I will fuckin not. Gloves slow you down, need to be changed frequently, make your hands smell funny, and slow the transition between various positions. Nobody else has as severe a reaction to the milk chemicals as I do, so nobody else needs them. And there's no reason to assume that anyone needs them. You can see what we do, if you lean over by the register. You know we're not sticking our thumbs in to check temperature. But people still reacted to my gloves. And at least weekly, someone says something to me about people not leaving the slip of pastry paper in the bag when we hand them a scone. (It's against health codes, by the way- once you put the scone in the bag, it's a food container, so you can't leave something you've touched with your bare hand, it's contaminated) How will they know, they ask, that we used pastry paper to take their pastry from the case, unless they can see it in the bag?

Faith?

So there exists a powerful cultural force, currently, that fears contamination, fears uncertainty of taste, smell, and texture.

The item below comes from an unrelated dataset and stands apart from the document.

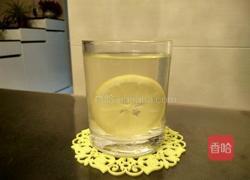 柠檬蜂蜜茶的做法图解7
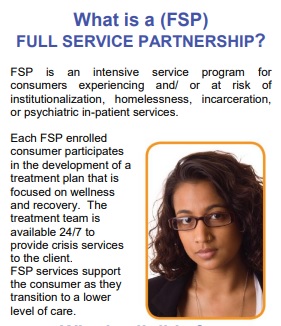 fsp full service partnership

Which brings us to-

Foreskin.

Not many parents are willing to force their sons to undergo a surgical procedure to cub masturbation anymore. It's not a big new modern motive. (However, if there were a surgical procedure that would place a time-seal on the vagina, only allowing the hymen to be breached at a parentally determined interval- say, 21 years, I'm sure it would be hugely popular right now). Parents are willing to admit that boys will masturbate and it will neither damage nor damn them. In fact, a certain segment of parents think that it's not only normal and natural, preteen sexual exuberance is kitshy and cute.

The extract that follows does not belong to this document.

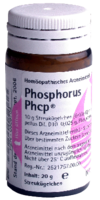 PHOSPHORUS PHCP Globuli - 20g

But many parents still circumcise their sons. Why? Fear. An uncircumcised penis is less predictable than a circumcised one. It's less, well, dry. A foreskin is a mucus membrane. It has secretions. It traps sweat and occasionally urine. It has smegma. Boys must be taught how to take care of their foreskin. (Of course, their parents also teach them how to piss and wipe their asses, but we haven't designed a way out of it yet) It's unpredictable. Its smell, taste, and function might vary on a day-to-day basis. It's this that parents cite when choosing to circumcise their sons. They cite hygiene. Some mothers even state that they can't picture their son getting a blowjob later in life, if he has a foreskin (when otherwise mothers love to picture their sons recieving fellatio). Others picture girls ridiculing their son's penis, and want to save him the embarassment. They want his penis clean, dry, sanitary, predictable- American. It's the only way they can picture it being (sorry) appetizing.

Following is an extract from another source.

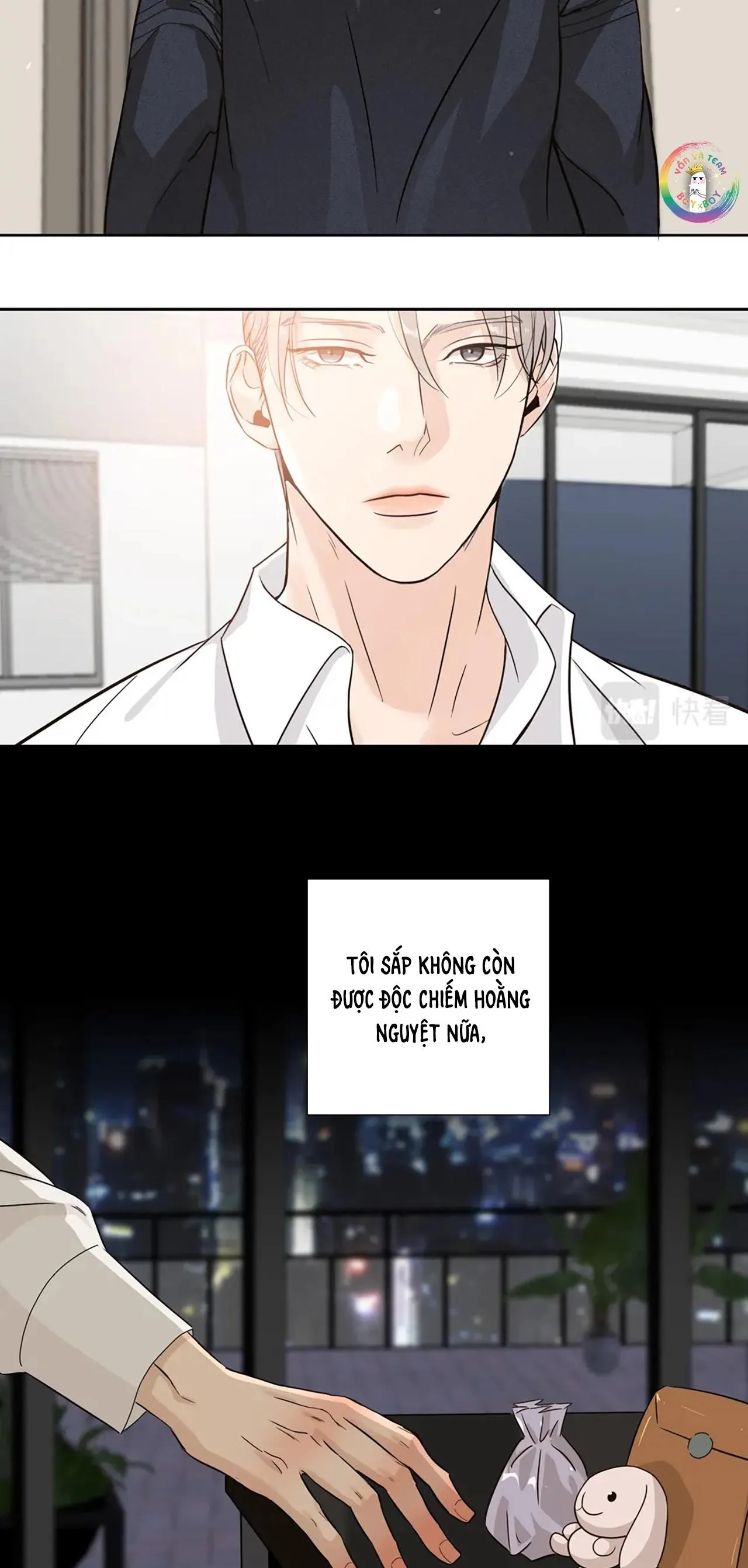 Quan Hệ Trả Nợ (END) Chapter 19 Trang 11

Everything must be controllable. Everything must be presentable. By creating a western wonder world sealed off from grit, blood, death, farming, childbirth, mucus, odor, and uncertainty, something fundamental has been altered. Research is beginning to support the hypothesis that many childhood allergies and chronic illnesses may be getting more prevalent due to the sanitization of society. Children don't eat enough dirt and bugs and slightly rotten food to develop full immunities; they get delicate. It's suggested that feeding children worms may prevent crohn's disease. People are so scared of illness and germs that they hover over toilet seats and crap on the floor; they hector poor baristas about hearing them sneeze in the back room; they throw out eggs, milk, and yogurt on their sell-by date. People are so scared of the unpredictable nature of food and cooking that they'll eat unidentifiable, factory set cheese type spread, which tastes of nothing but failure, to avoid the possible humiliation melting cheddar may bring. (Mmmmm...melted cheddar. Yum. Need Nachos. With Quickness)

And people are so obsessed with predictability, scentlessness, cleanliness, and so on that they have their children's genitals surgically altered (without aneasthesia).

Deal with it, folks.

You can learn to like a stinky cheese.